» **Record extracts**:
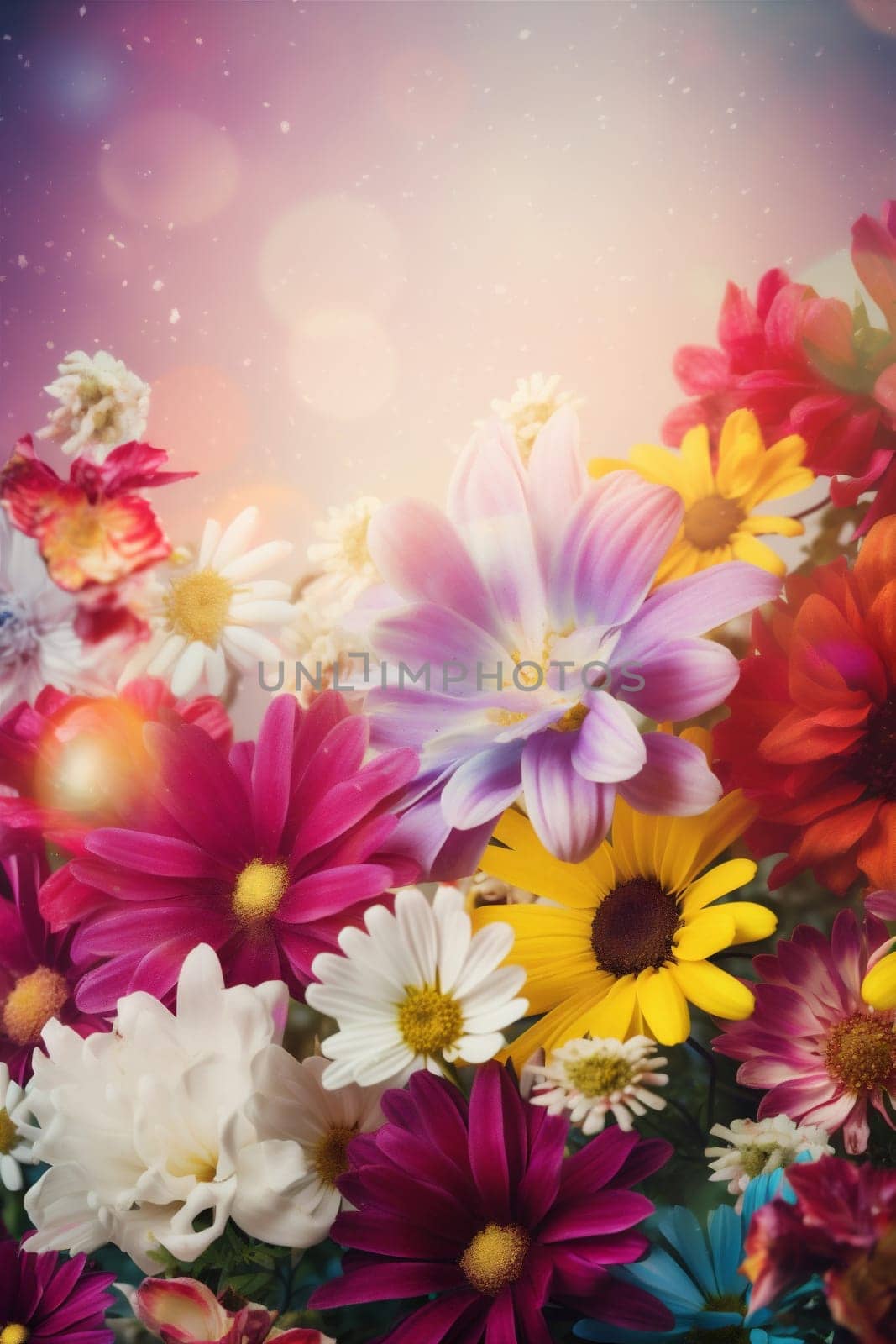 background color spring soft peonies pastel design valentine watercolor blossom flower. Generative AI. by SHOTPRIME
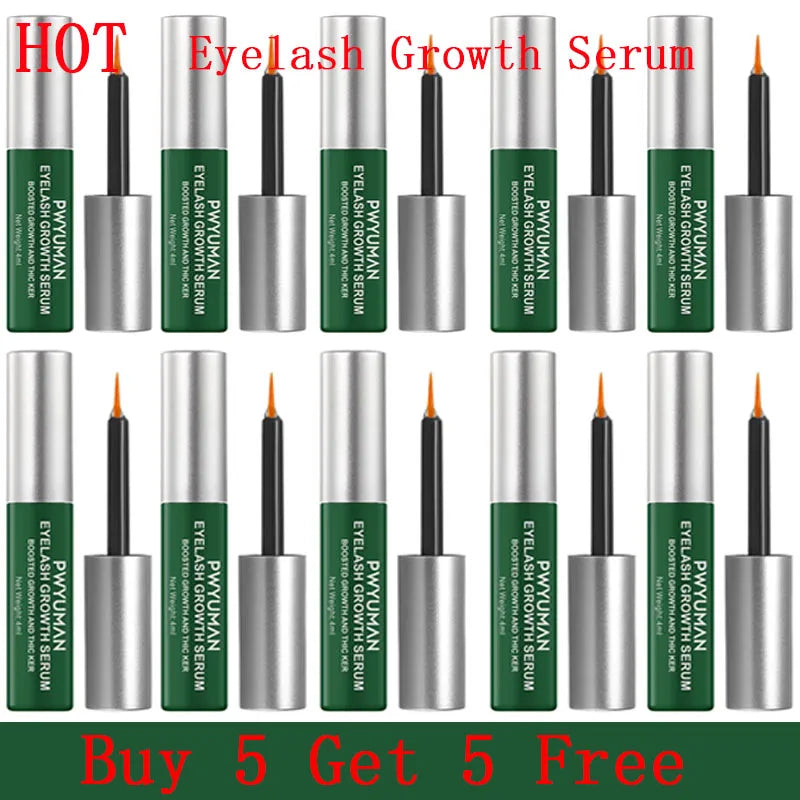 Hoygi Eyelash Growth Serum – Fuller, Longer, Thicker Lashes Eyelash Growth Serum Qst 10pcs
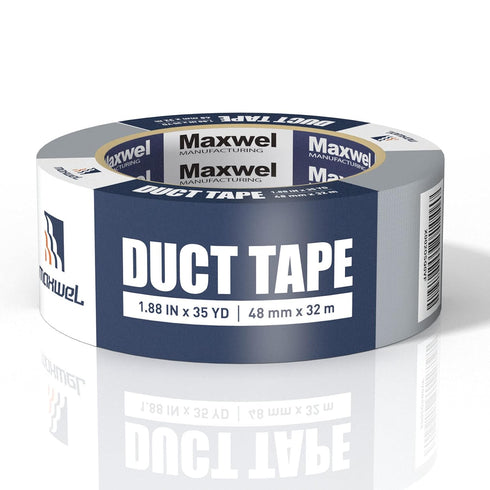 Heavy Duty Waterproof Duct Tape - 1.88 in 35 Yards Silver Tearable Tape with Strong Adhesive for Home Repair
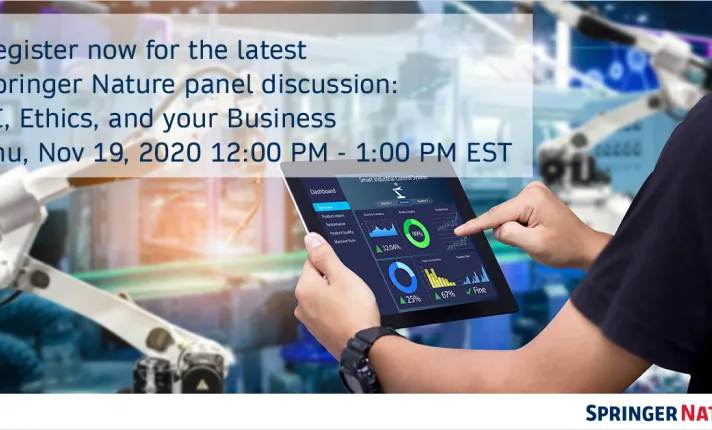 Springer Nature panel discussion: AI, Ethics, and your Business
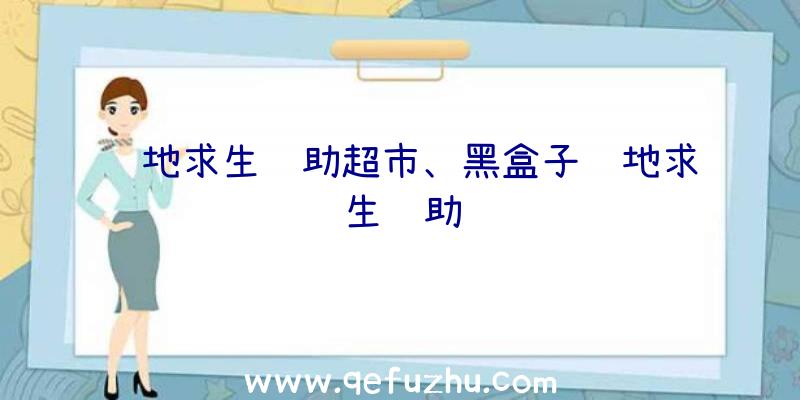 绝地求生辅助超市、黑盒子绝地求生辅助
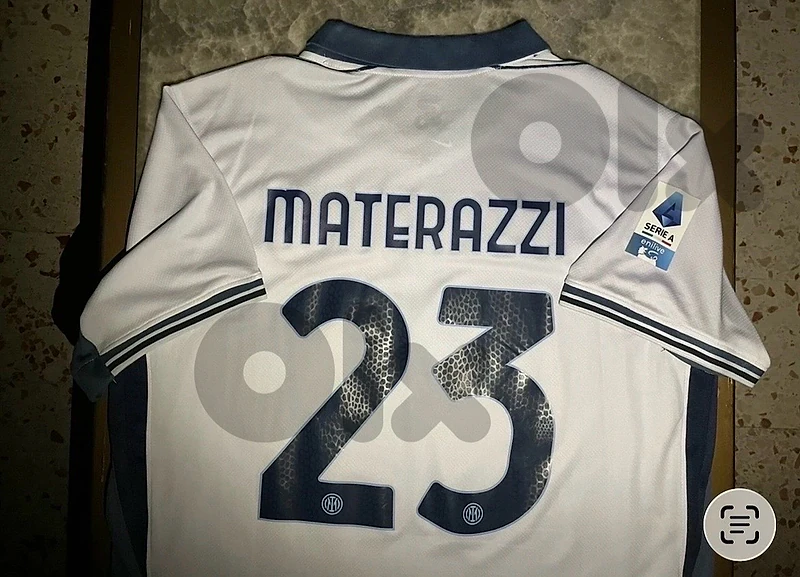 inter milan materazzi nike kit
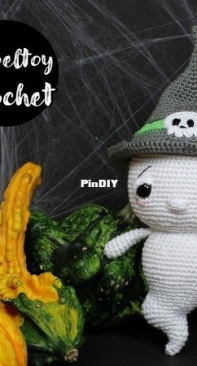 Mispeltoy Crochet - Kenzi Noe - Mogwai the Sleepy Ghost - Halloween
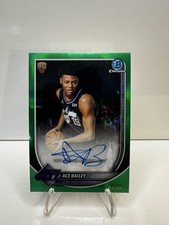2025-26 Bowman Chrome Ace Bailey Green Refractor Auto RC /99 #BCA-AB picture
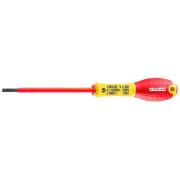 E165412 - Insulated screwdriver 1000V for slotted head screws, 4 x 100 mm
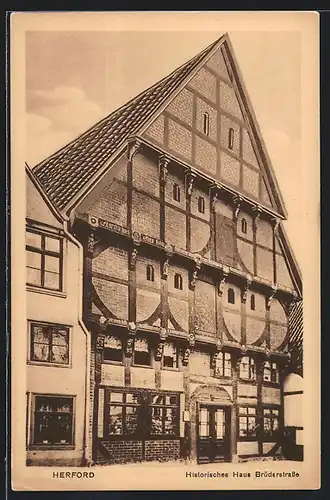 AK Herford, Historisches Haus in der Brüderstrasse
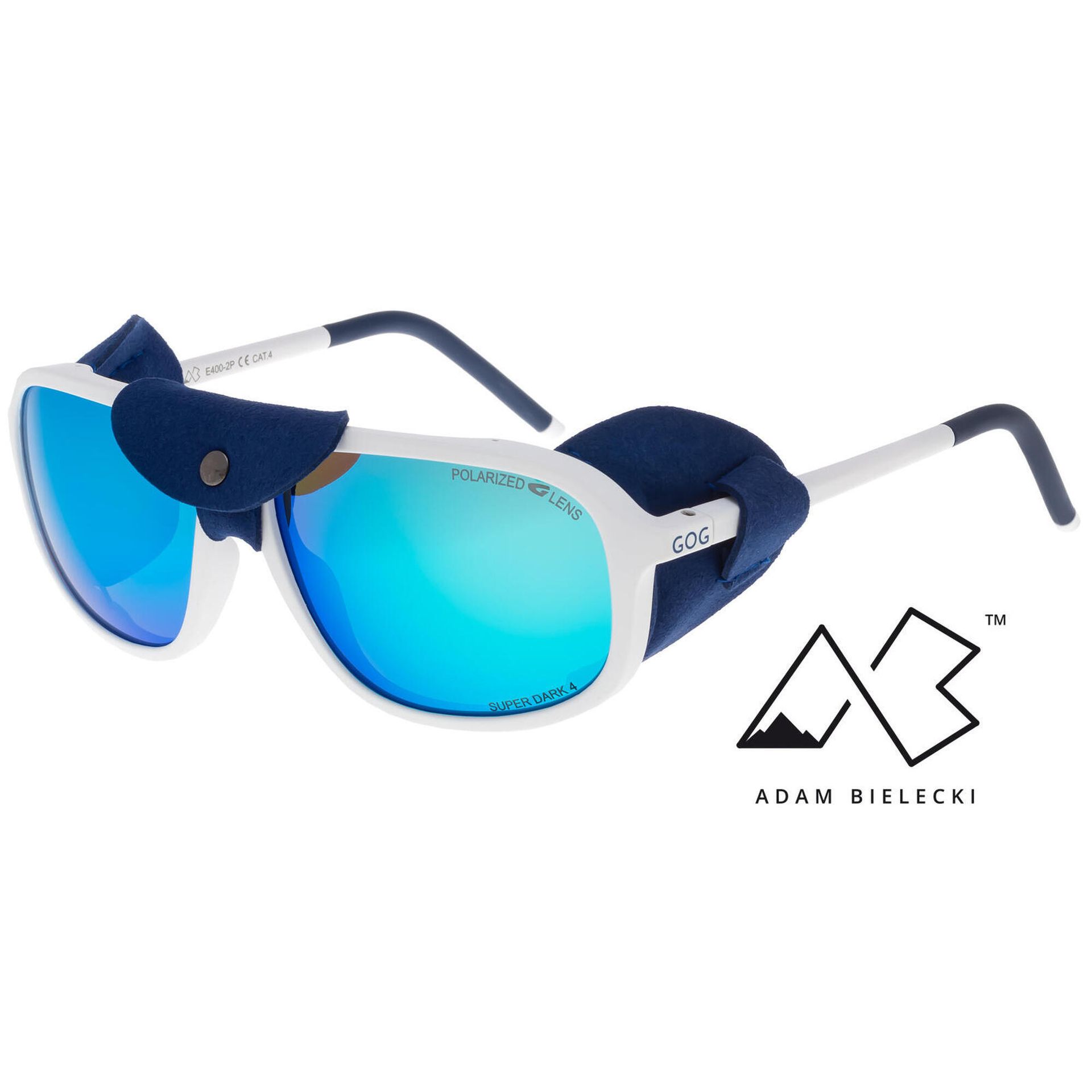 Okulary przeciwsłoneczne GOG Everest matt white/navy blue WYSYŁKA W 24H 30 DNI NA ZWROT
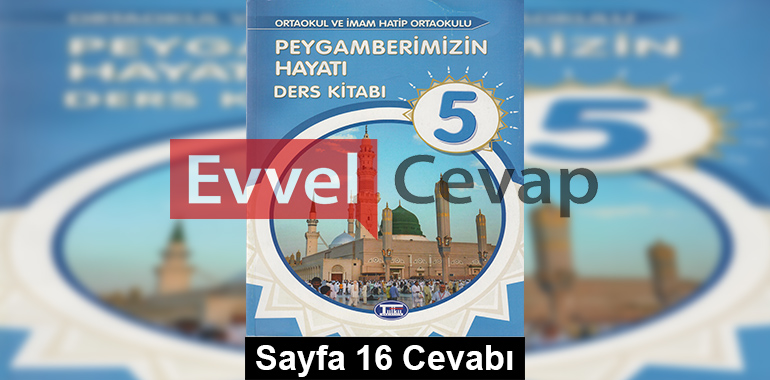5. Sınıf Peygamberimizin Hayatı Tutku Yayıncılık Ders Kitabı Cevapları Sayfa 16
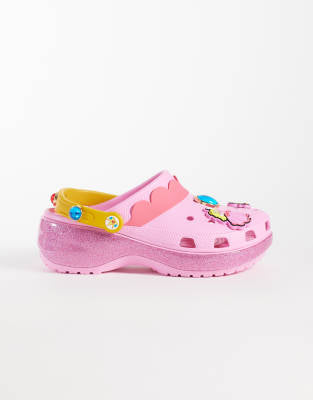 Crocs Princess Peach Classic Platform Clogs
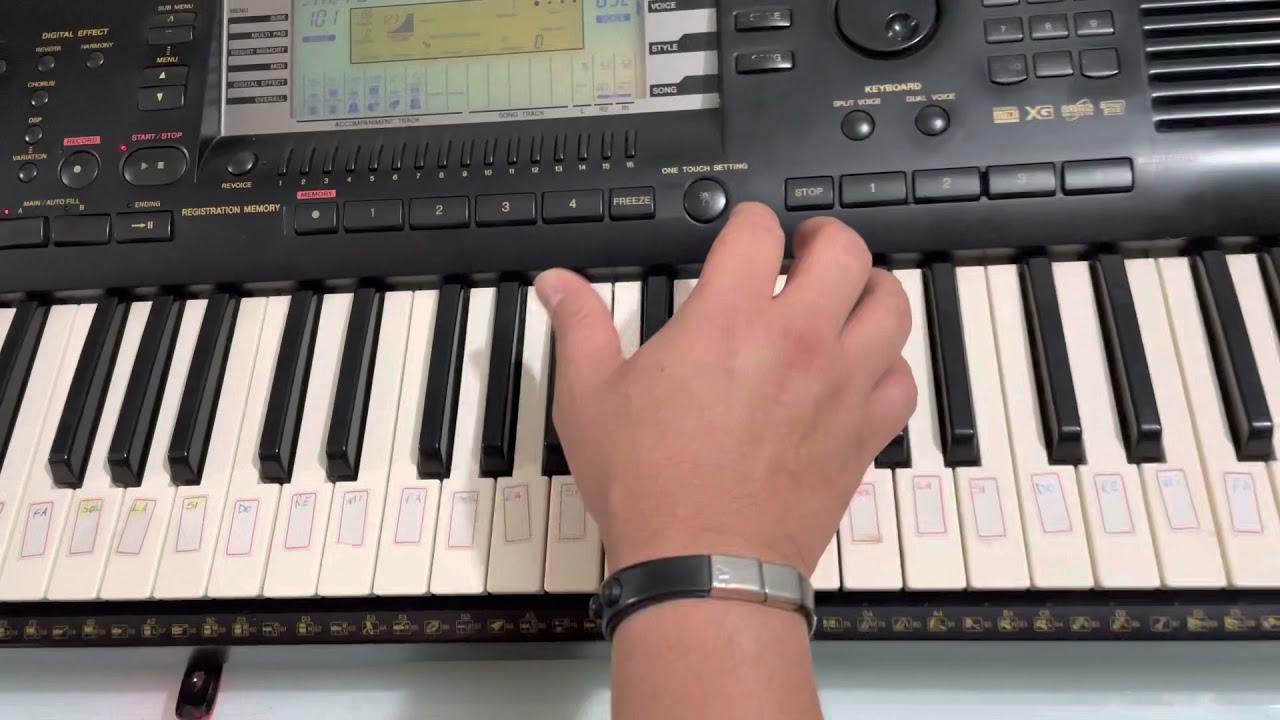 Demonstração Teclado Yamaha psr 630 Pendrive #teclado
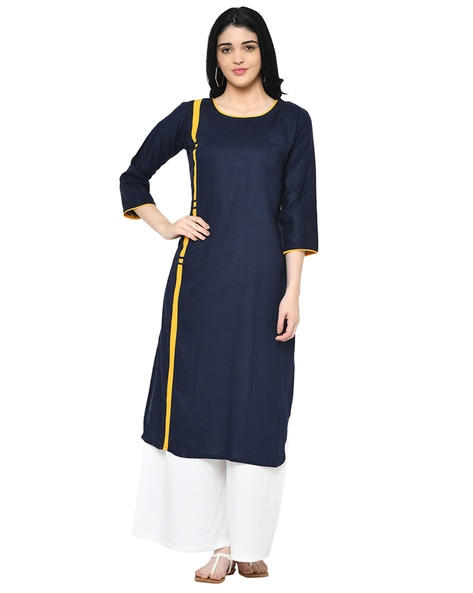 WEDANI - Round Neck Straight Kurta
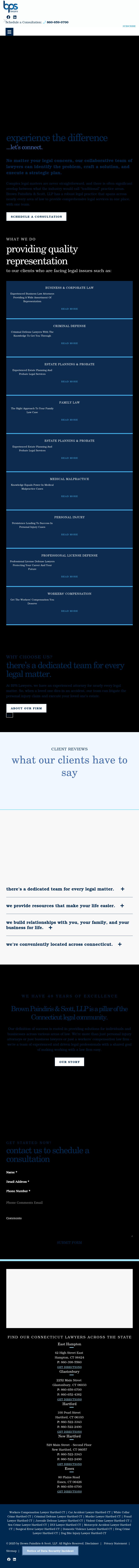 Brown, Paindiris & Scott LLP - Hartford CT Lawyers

» **Your goal**: Look above for the line with "inter milan materazzi nike kit" and copy exactly from it through the line with "Okulary przeciwsłoneczne GOG", both included. Omit the pictures.

» **Result of this task**:
 inter milan materazzi nike kit
 Mispeltoy Crochet - Kenzi Noe - Mogwai the Sleepy Ghost - Halloween
2025-26 Bowman Chrome Ace Bailey Green Refractor Auto RC /99 #BCA-AB picture
 E165412 - Insulated screwdriver 1000V for slotted head screws, 4 x 100 mm
 AK Herford, Historisches Haus in der Brüderstrasse
 Okulary przeciwsłoneczne GOG Everest matt white/navy blue WYSYŁKA W 24H 30 DNI NA ZWROT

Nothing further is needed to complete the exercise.